– Fighting For His Life After Disputing Decorating Bill

AMBUSH BRIT FIGHTS FOR LIFE 

A ‘Flying Sporran Inquiry’ Hua Hin
February 1 2012

Justine Ayling and her husband Paul took their 12-yr-old son to Thailand for a new life and to be close to Paul’s retired parents.

They designed and built their own luxury home and enjoyed the balmy weather and beautiful beaches of Hua Hin, 160 miles south of Bangkok. Close by were Paul’s parents Anita and Michael, and Paul’s brother Stephen also ran a successful building business there.

But what they did not know was that in this Royal city, where the revered King of Thailand Bumiphol Adulyadej keeps his Summer Palace called ‘Far from worries’,  murders and attacks on foreigners are far from rare, particularly when business is involved.
 

But in keeping with the city’s royal image, it is claimed, the authorities have not exactly been pulling out all stops investigating some horrific attacks in the town.

Today Paul Ayling, 48, a carpenter and kitchen fitter is in a coma from which he may never recover. Justine is trying sell their £430,000 pool villa to get back home. Her memories are bitter. The family are divided.

Paul and Justine were already planning their return home last December.  Paul had decided Hua Hin was a place for retirees, not for him. Having sold his car Paul and Justine had just taken their Scott to private school on their small step-through Honda Fina motorbike last November 21st and were returning home when two men stepped out into the road, one with a wooden club.

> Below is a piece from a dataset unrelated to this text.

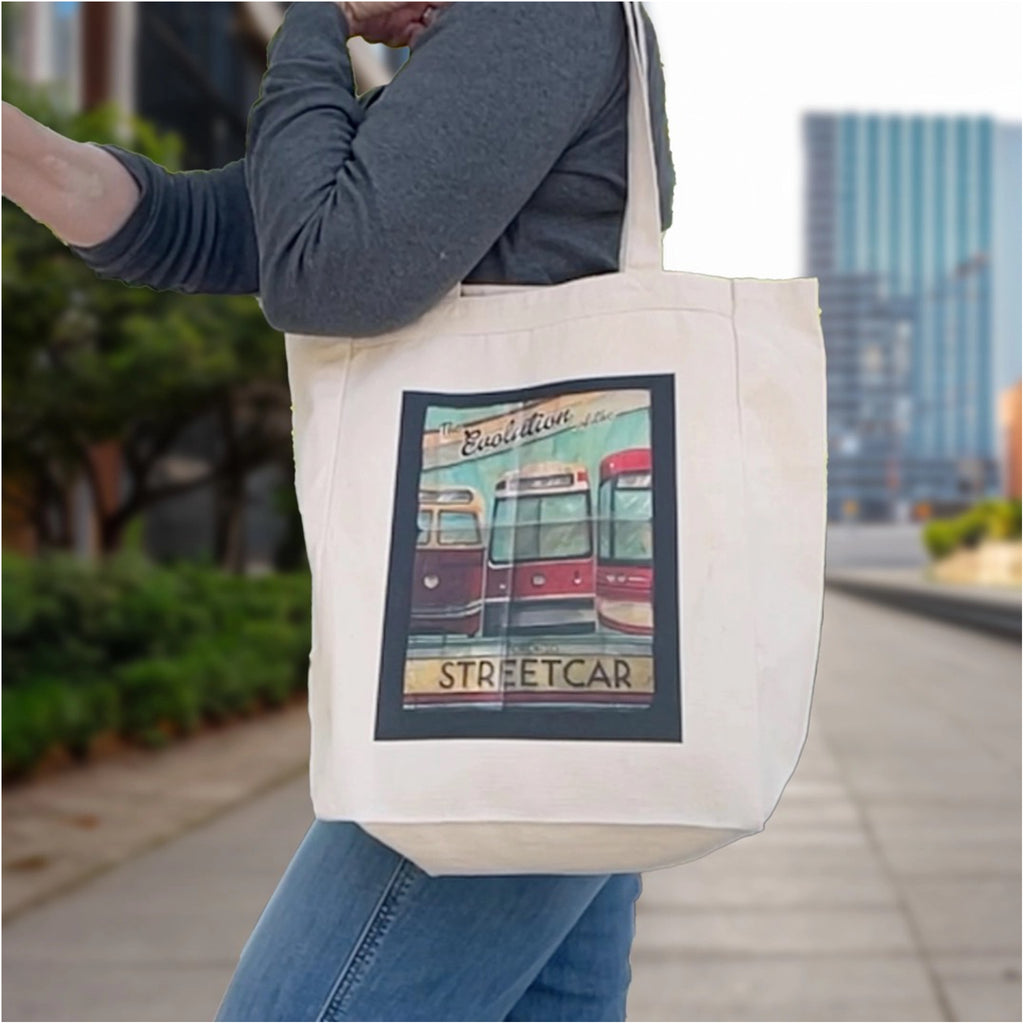 Person using Toronto Evolution Of The Streetcar Tote Bag.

Happier days in Thorpe Bay, Essex

The first went behind Paul’s bike. The second wielded his club crashing Mr. Ayling’s skull. Paul and Justine Ayling went veering off the road covered in blood and with Paul’s brains spilling out, and the two men casually wandered off dropping the wooden club in the middle of the road.

Why? Paul’s father Michael Ayling, 69, from Canvey Island, put out a reward. Within five days he had been told the names of the attackers and who had hired them.  He is convinced it was just a warning. He is convinced the information he has been given is true. In fact he believes many people know.

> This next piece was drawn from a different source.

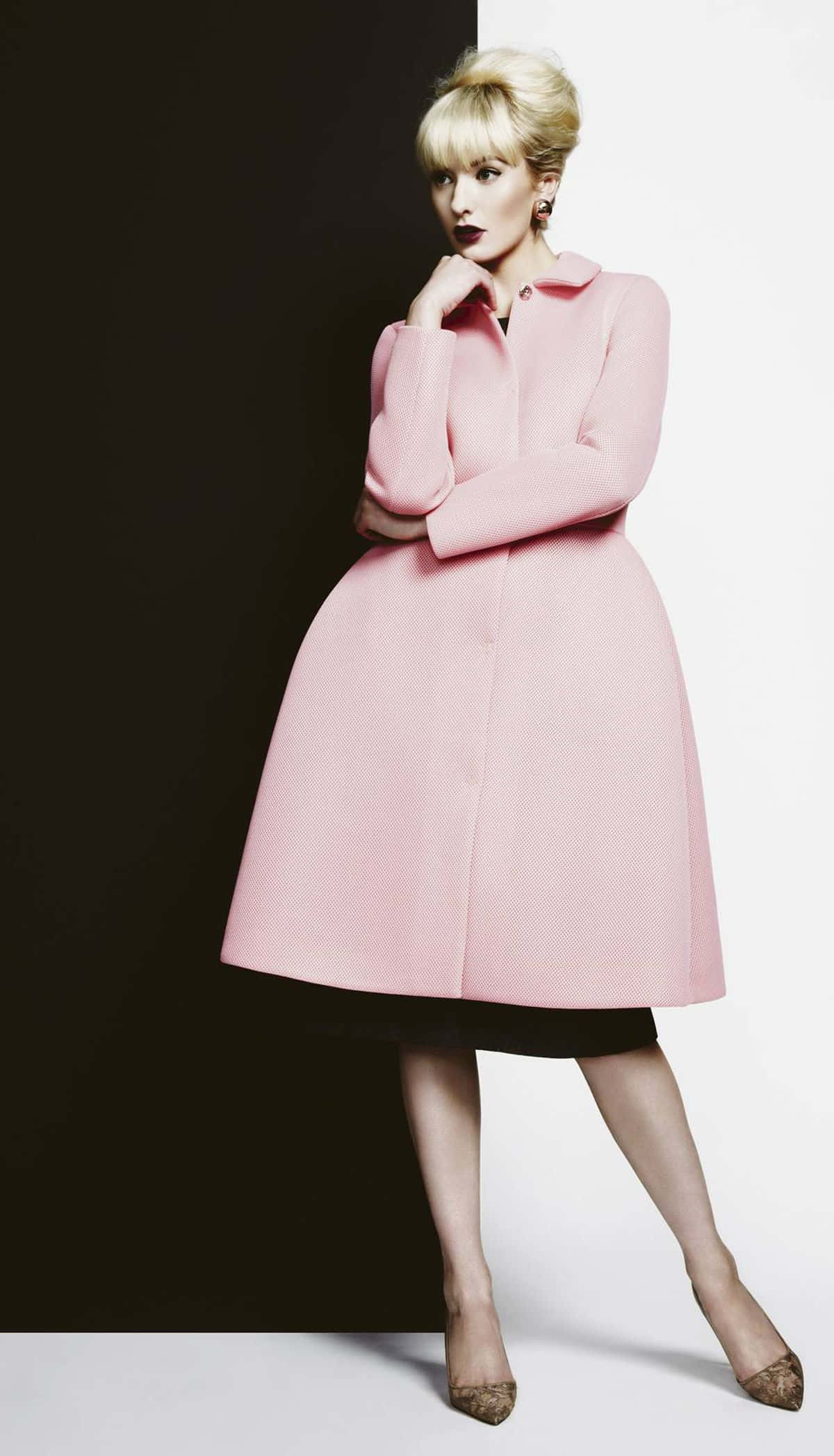Pink Coat 桌布 壁紙 — 一位金髮女性穿著復古粉色外套，在強烈的黑白背景前擺姿勢，光線效果戲劇化。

Paul had been in dispute with a Thai company who had just completed a decorating contract on his house. He withheld £400 complaining of shoddy workman ship. Being in the trade himself he used a few expletives to describe their work – not an advisable move anywhere, but especially not in Thailand.

Said Justine,42 :  ‘The wallpaper had to be painted over because each roll was a different shade, and they left paint everywhere.  The carpenter also botched the job in the kitchen and Paul had to fix it himself. My husband is a carpenter and kitchen fitter himself and is meticulous about his work.  He withheld part of the payment, about £400, about one third, and had referred the matter to lawyers.’

But then she said they received an email unusually in word perfect English from the Thai contractor.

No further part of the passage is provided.